Give again, exactly as written, the lines of the records below from the line with "BEHR ULTRA 1" to the line with "Castle Fairy Mushroom". Both end lines count; pictures do not.

Supplied data:
§

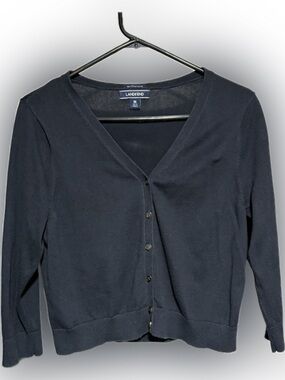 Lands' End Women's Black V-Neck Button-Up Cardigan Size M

§

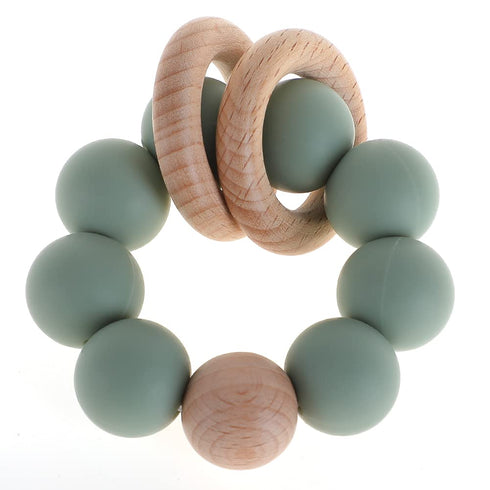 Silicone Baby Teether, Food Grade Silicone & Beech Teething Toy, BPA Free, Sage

§

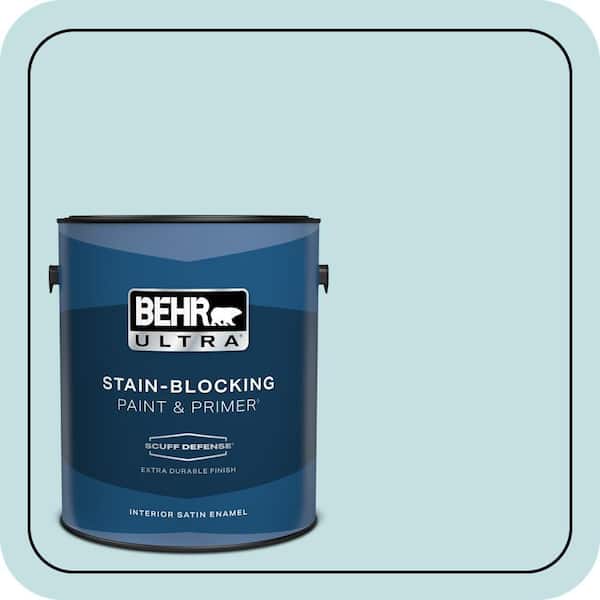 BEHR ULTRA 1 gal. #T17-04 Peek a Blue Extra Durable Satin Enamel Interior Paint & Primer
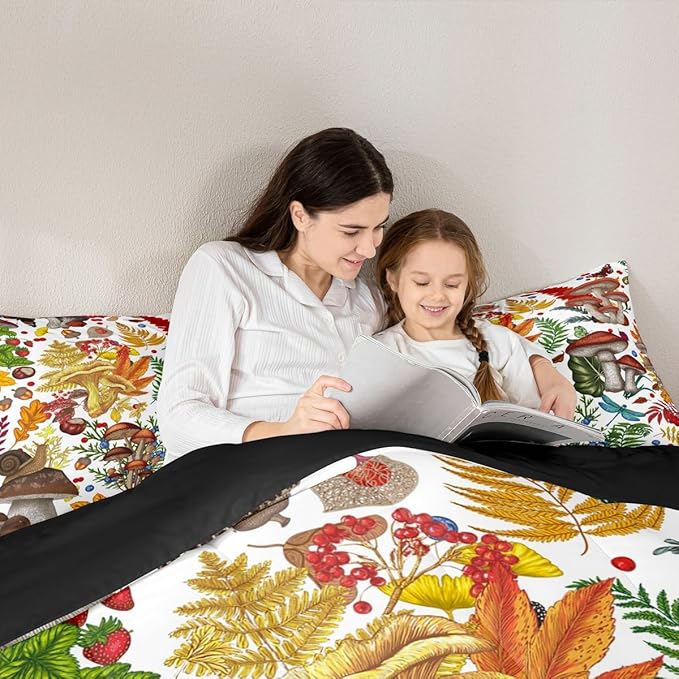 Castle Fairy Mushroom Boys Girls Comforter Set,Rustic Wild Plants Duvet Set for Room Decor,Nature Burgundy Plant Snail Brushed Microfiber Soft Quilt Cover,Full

§

Response to this exercise:
 BEHR ULTRA 1 gal. #T17-04 Peek a Blue Extra Durable Satin Enamel Interior Paint & Primer
 Castle Fairy Mushroom Boys Girls Comforter Set,Rustic Wild Plants Duvet Set for Room Decor,Nature Burgundy Plant Snail Brushed Microfiber Soft Quilt Cover,Full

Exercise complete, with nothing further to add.